What needs to be done: Repeat all of the data below word for word, keeping no images.

═════ Data for analysis ═════

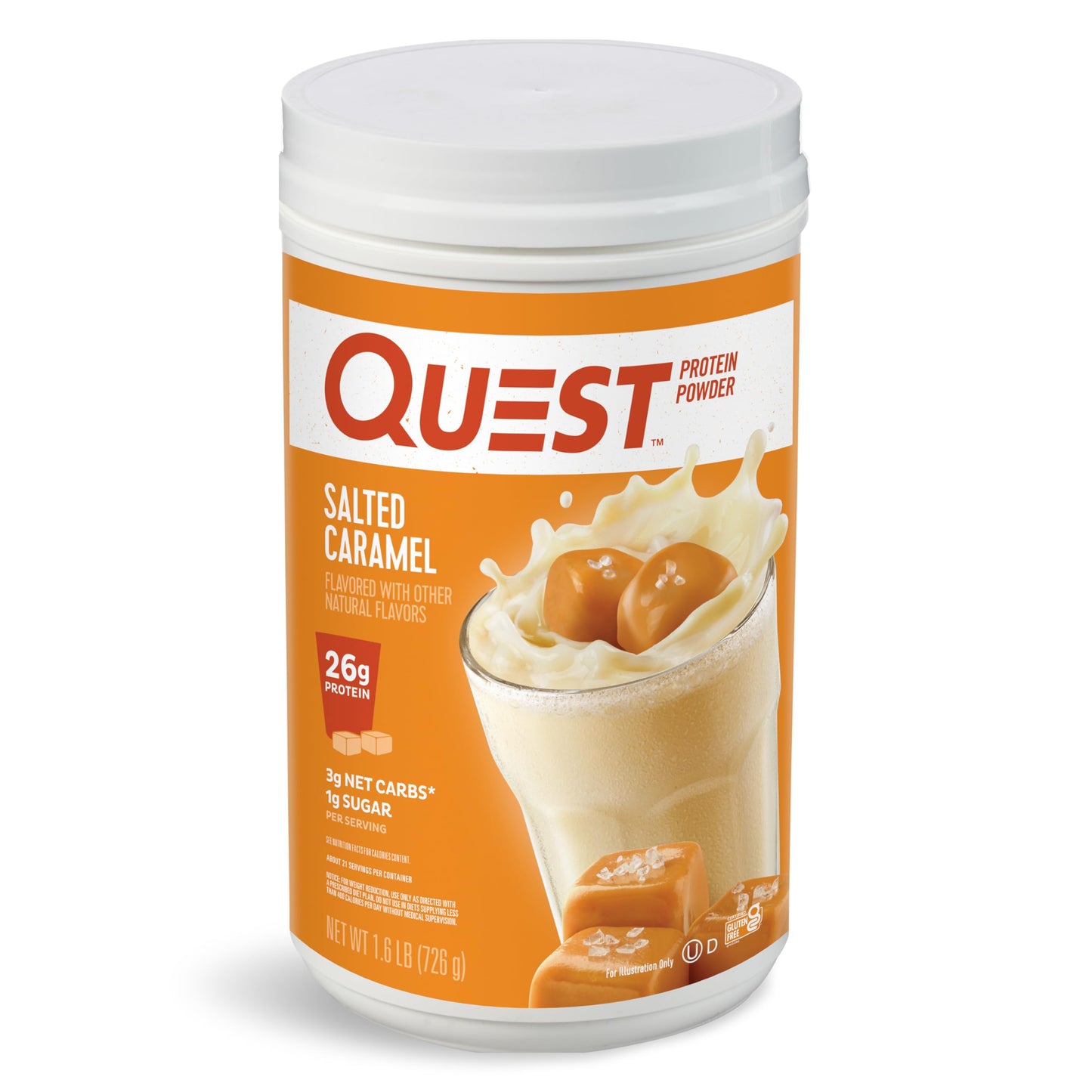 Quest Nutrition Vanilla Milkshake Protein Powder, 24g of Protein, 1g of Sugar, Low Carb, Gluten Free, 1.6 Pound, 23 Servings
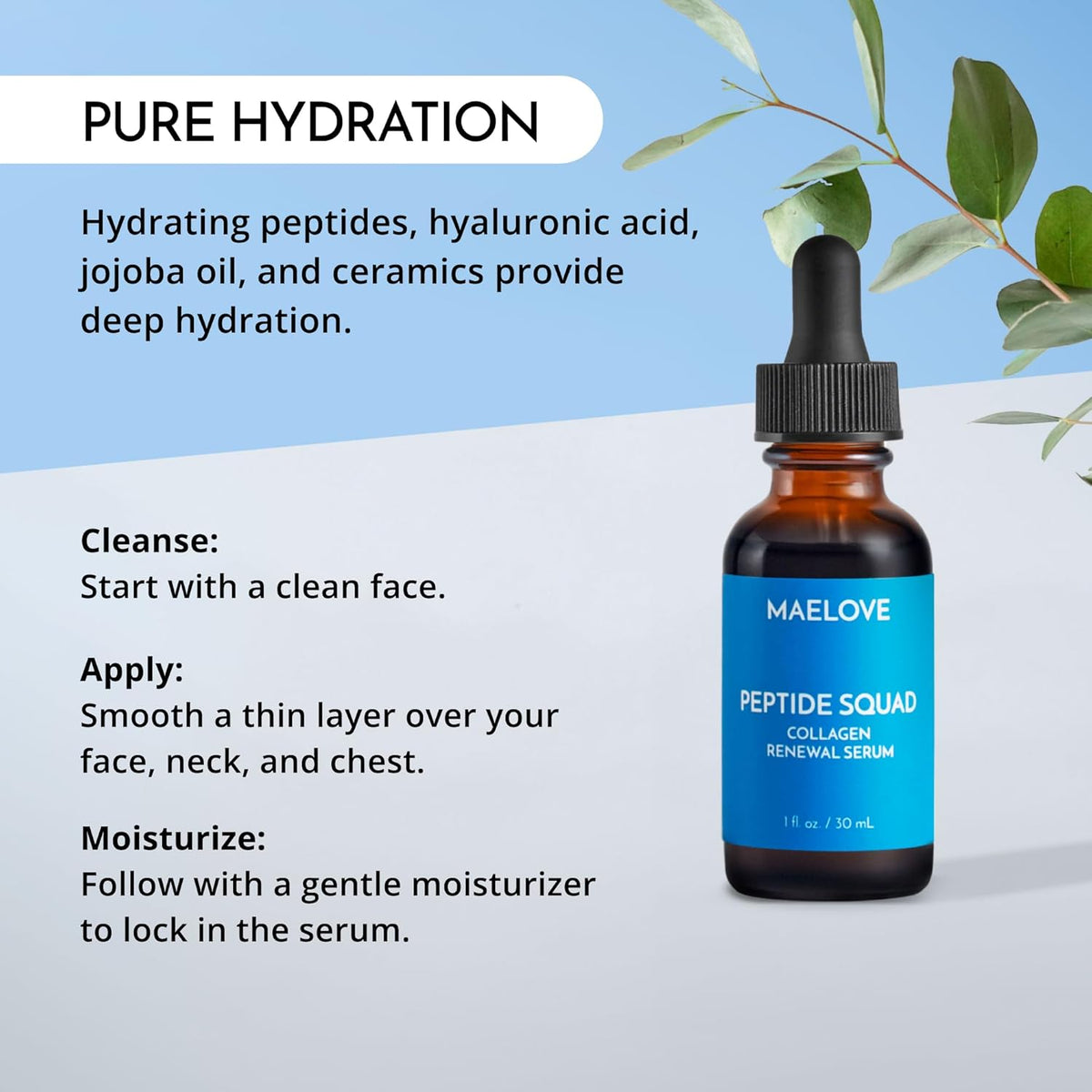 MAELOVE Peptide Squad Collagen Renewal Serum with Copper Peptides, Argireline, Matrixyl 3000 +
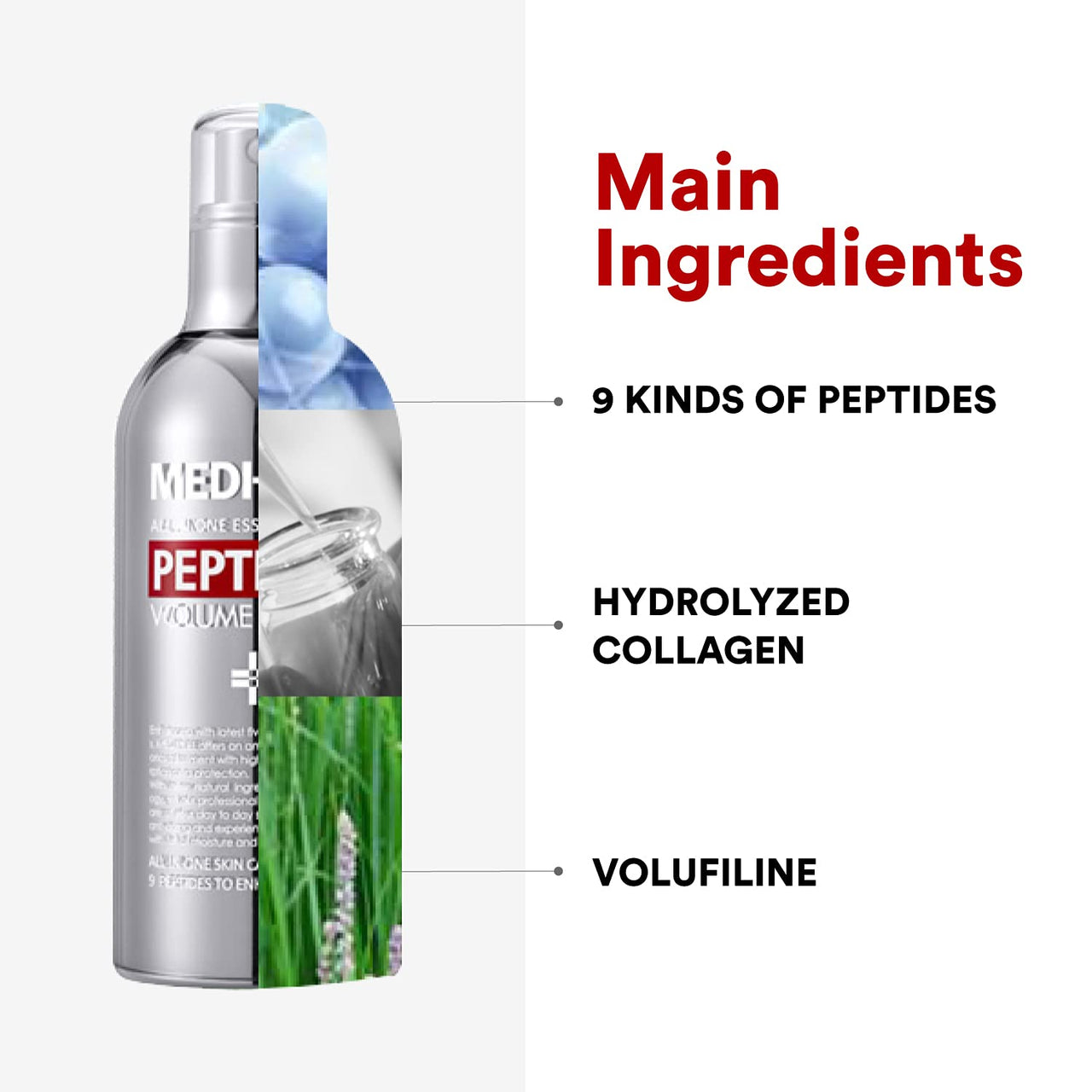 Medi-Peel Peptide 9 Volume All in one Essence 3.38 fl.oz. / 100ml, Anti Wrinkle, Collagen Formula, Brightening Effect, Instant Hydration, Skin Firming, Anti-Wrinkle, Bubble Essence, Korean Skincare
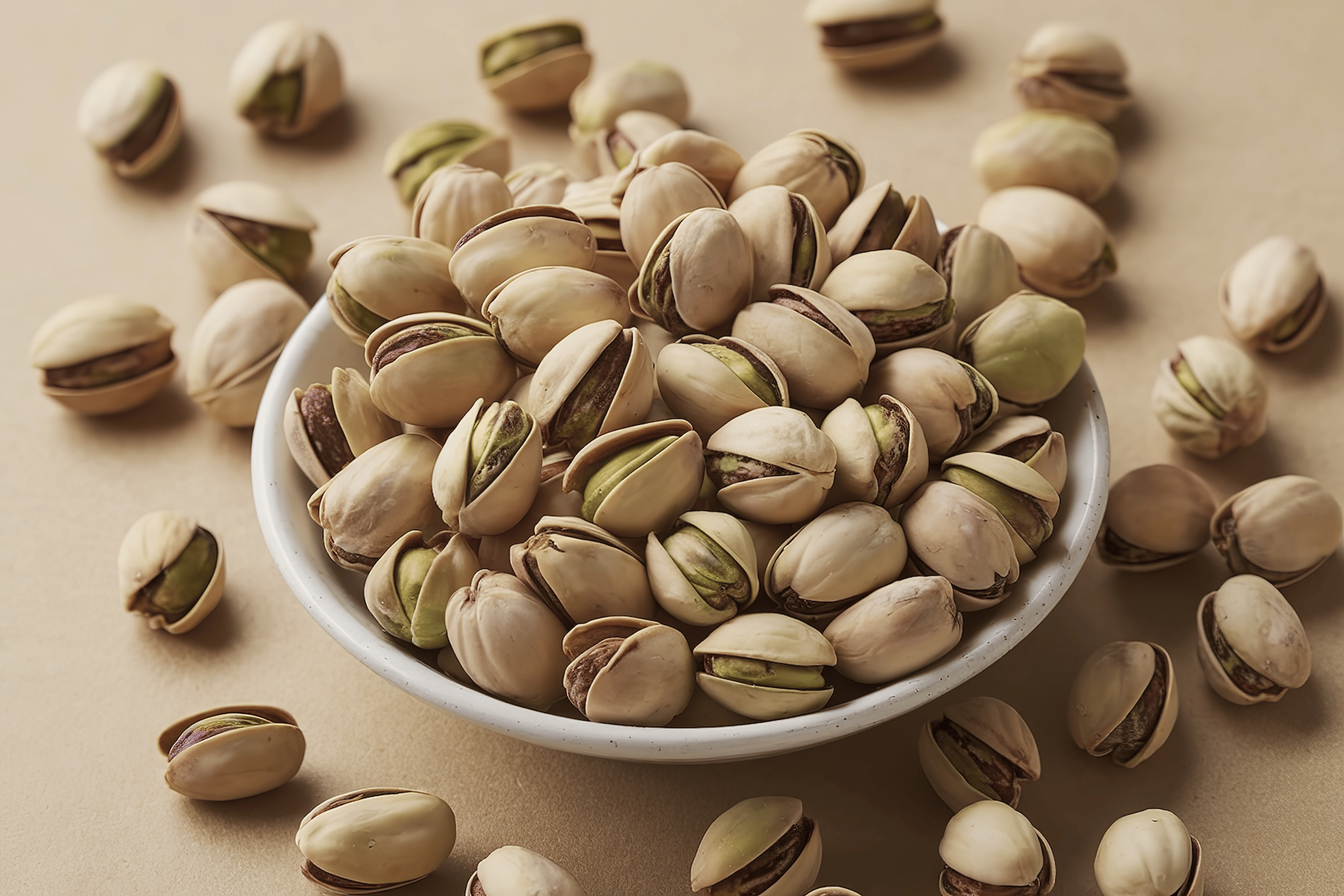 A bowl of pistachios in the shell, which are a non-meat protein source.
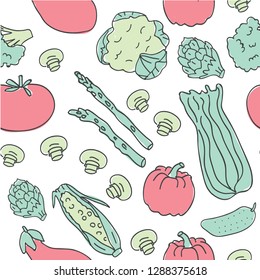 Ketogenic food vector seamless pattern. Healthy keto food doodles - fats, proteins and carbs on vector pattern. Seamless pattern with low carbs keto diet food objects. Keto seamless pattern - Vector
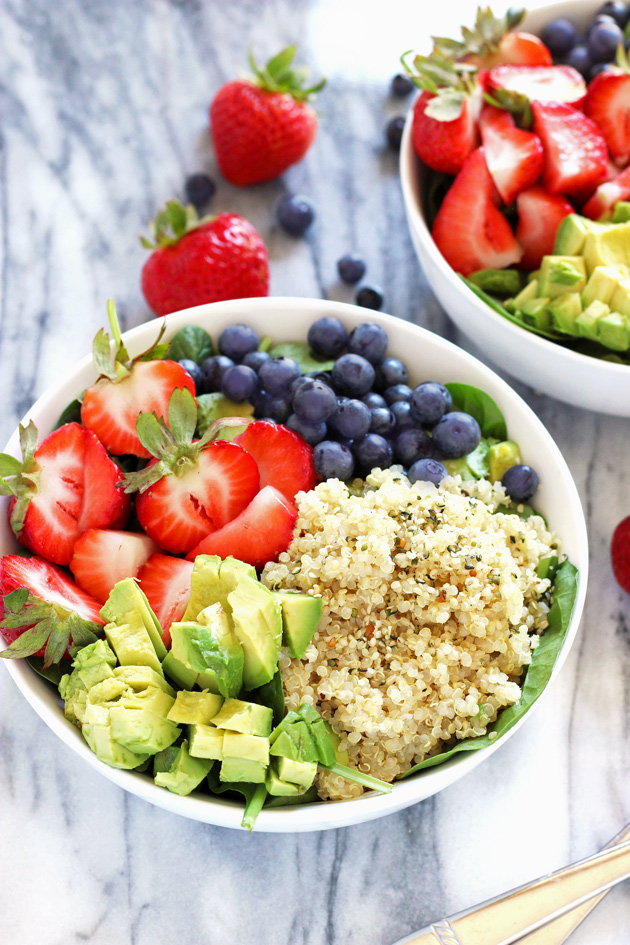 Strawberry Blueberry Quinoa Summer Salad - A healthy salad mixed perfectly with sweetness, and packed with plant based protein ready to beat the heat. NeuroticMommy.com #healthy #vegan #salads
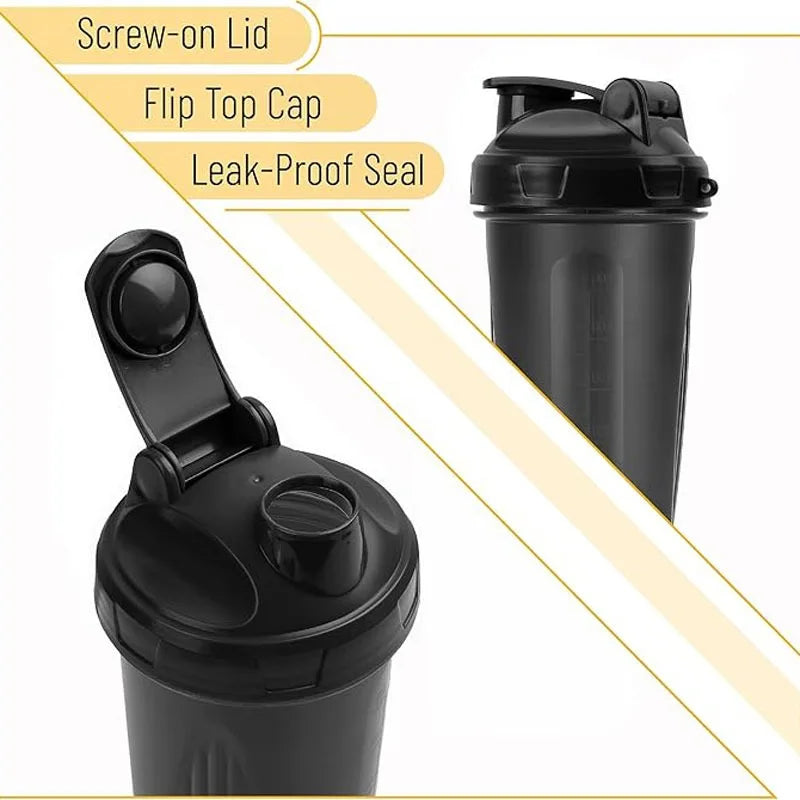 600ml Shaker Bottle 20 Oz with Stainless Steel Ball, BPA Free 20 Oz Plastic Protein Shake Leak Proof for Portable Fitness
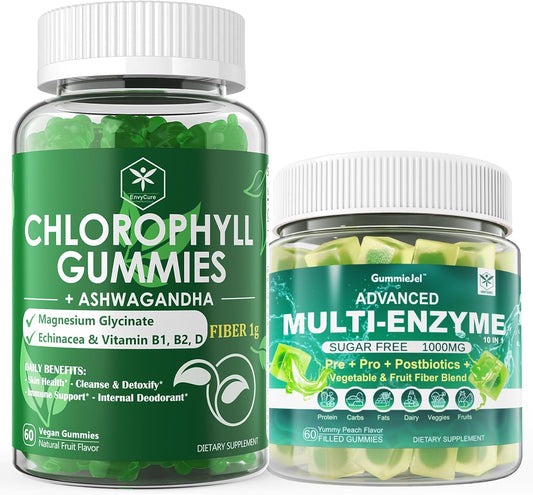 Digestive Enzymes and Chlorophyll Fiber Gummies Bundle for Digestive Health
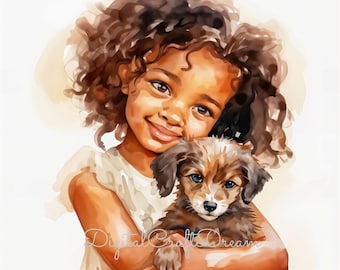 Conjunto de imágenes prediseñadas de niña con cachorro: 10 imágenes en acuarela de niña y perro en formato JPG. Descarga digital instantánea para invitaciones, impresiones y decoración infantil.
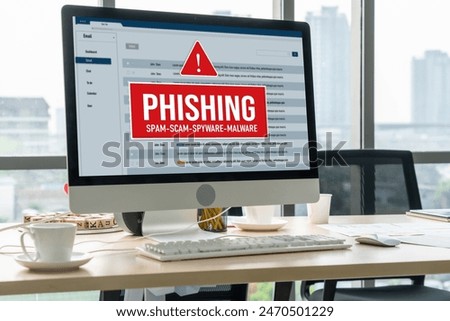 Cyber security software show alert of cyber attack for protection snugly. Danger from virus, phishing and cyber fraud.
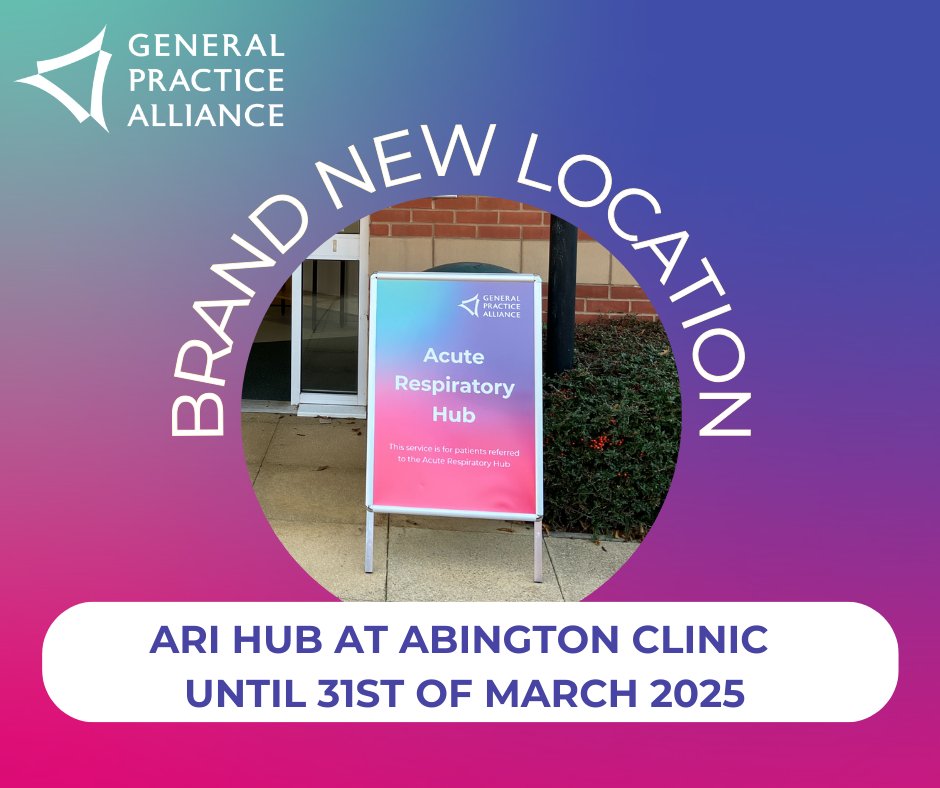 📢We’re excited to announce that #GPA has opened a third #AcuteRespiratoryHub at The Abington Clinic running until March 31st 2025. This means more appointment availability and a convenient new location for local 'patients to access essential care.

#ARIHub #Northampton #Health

═════

Exercise output:
 Quest Nutrition Vanilla Milkshake Protein Powder, 24g of Protein, 1g of Sugar, Low Carb, Gluten Free, 1.6 Pound, 23 Servings
 MAELOVE Peptide Squad Collagen Renewal Serum with Copper Peptides, Argireline, Matrixyl 3000 +
 Medi-Peel Peptide 9 Volume All in one Essence 3.38 fl.oz. / 100ml, Anti Wrinkle, Collagen Formula, Brightening Effect, Instant Hydration, Skin Firming, Anti-Wrinkle, Bubble Essence, Korean Skincare
 A bowl of pistachios in the shell, which are a non-meat protein source.
 Ketogenic food vector seamless pattern. Healthy keto food doodles - fats, proteins and carbs on vector pattern. Seamless pattern with low carbs keto diet food objects. Keto seamless pattern - Vector
 Strawberry Blueberry Quinoa Summer Salad - A healthy salad mixed perfectly with sweetness, and packed with plant based protein ready to beat the heat. NeuroticMommy.com #healthy #vegan #salads
 600ml Shaker Bottle 20 Oz with Stainless Steel Ball, BPA Free 20 Oz Plastic Protein Shake Leak Proof for Portable Fitness
 Digestive Enzymes and Chlorophyll Fiber Gummies Bundle for Digestive Health
 Conjunto de imágenes prediseñadas de niña con cachorro: 10 imágenes en acuarela de niña y perro en formato JPG. Descarga digital instantánea para invitaciones, impresiones y decoración infantil.
 Cyber security software show alert of cyber attack for protection snugly. Danger from virus, phishing and cyber fraud.
 📢We’re excited to announce that #GPA has opened a third #AcuteRespiratoryHub at The Abington Clinic running until March 31st 2025. This means more appointment availability and a convenient new location for local 'patients to access essential care.

#ARIHub #Northampton #Health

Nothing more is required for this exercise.